The following Monday, when I sauntered into the graduate English department, the secretary beckoned me to her desk. ”There’s this guy who keeps calling and asking for your number,” she said. “He says he met you last Saturday–his name is Rock.” My cheeks flushed crimson. ” Who the heck is this guy, anyway?” she asked. “Well, I told him I’d give his number to you if you wanted it.” She handed me a piece of paper. If I wanted it?! Was she kidding??!!
Maybe it was my scintillating conversational skills that had prompted him to track me down. Or perhaps it was our mutual love of Modern American Literature. Most likely it was the hot pink mini dress and white fishnet stockings I wore that evening. Whatever the reason, I didn’t care–I called him back immediately. That call prompted a summer of romantic, entertaining, intense, exciting and confusing evenings.
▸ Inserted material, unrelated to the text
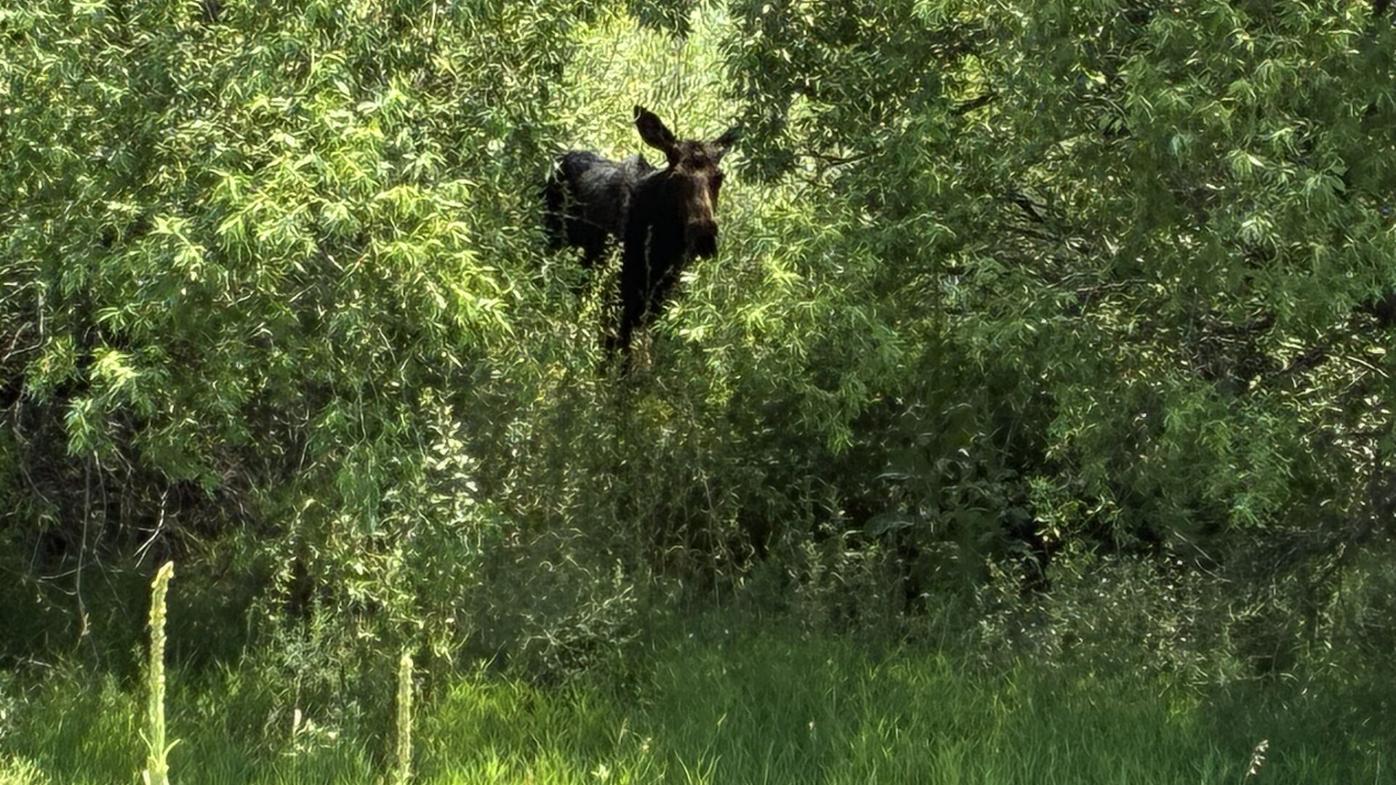 WATCH: Moose spotted in north Colorado Springs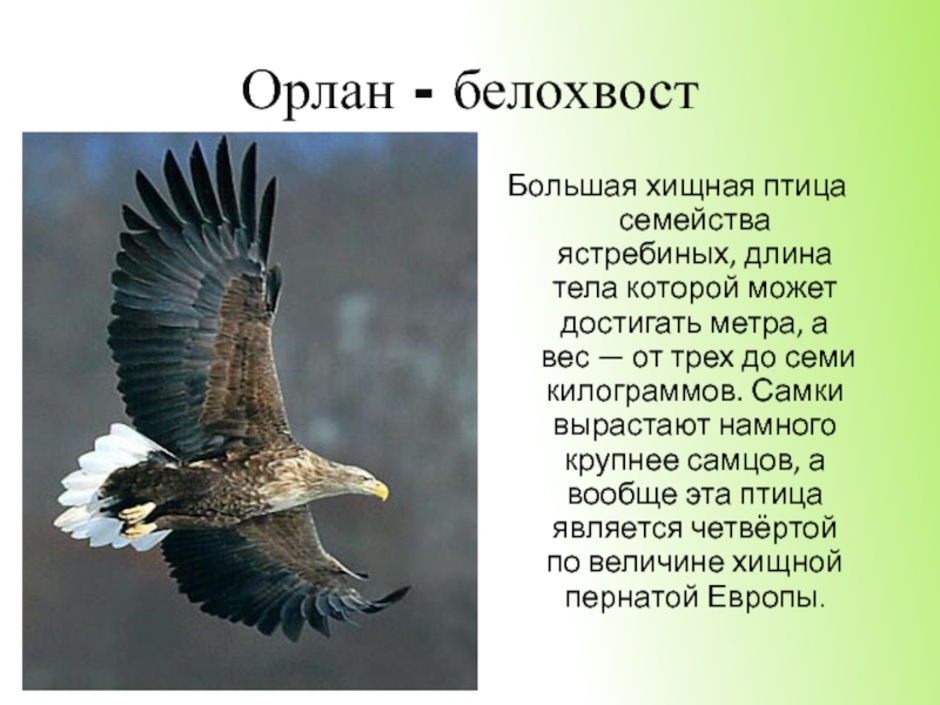 Текст про орла. Орлан-белохвост. Дальневосточный Орлан белохвост. Орлан белохвост и Орел. Орлан-белохвост описание.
“Confusing”? Why, yes. You see, I never did quite figure out Rock’s motives. Let me give you an example: for our first date, Rock took me to a Bruce Springsteen concert (believe it or not, I didn’t know who The Boss was before that evening. Of course, I realized immediately that I was familar with every single song he sang. Thrill!). After the concert ended, Rock walked me back to residence, rode up the elevator to my room, stood outside the door and gazed down into my (entirely mesmerized) eyes. And then. . . he said, “This was fun. Goodnight.” And walked away! No “can I come in?” No attempt to make a pass. No kiss on the forehead. No hug, even! “Okay,” I reasoned, “first date.” No biggie.
Another rendez-vous was a custom picnic in Earle Bales Park, one of the largest and most beautiful parks in the city. Rock’s basket was brimming with glass wine goblets, real silverware and china plates. The food was from Toronto’s premier upper-crust shop at the time, Bersani & Carlevale. (Before that evening, I’d often passed by the shop and lingered, longingly, at the window, knowing I could never afford anything inside). Rock’s culinary choices included a good cabernet sauvignon, crusty bread with all manner of spreads and dips (artichoke-caper compote, oozy cambozola, giant, spicy, brined green olives and rabbit pâté–my first–and only–encounter with rabbit as food, which I declined to try, though I chose not to hold it against him). We ate our feast on a blanket on the grass, then watched a live performance of Romeo and Juliet in the park. Seriously, what could be more romantic?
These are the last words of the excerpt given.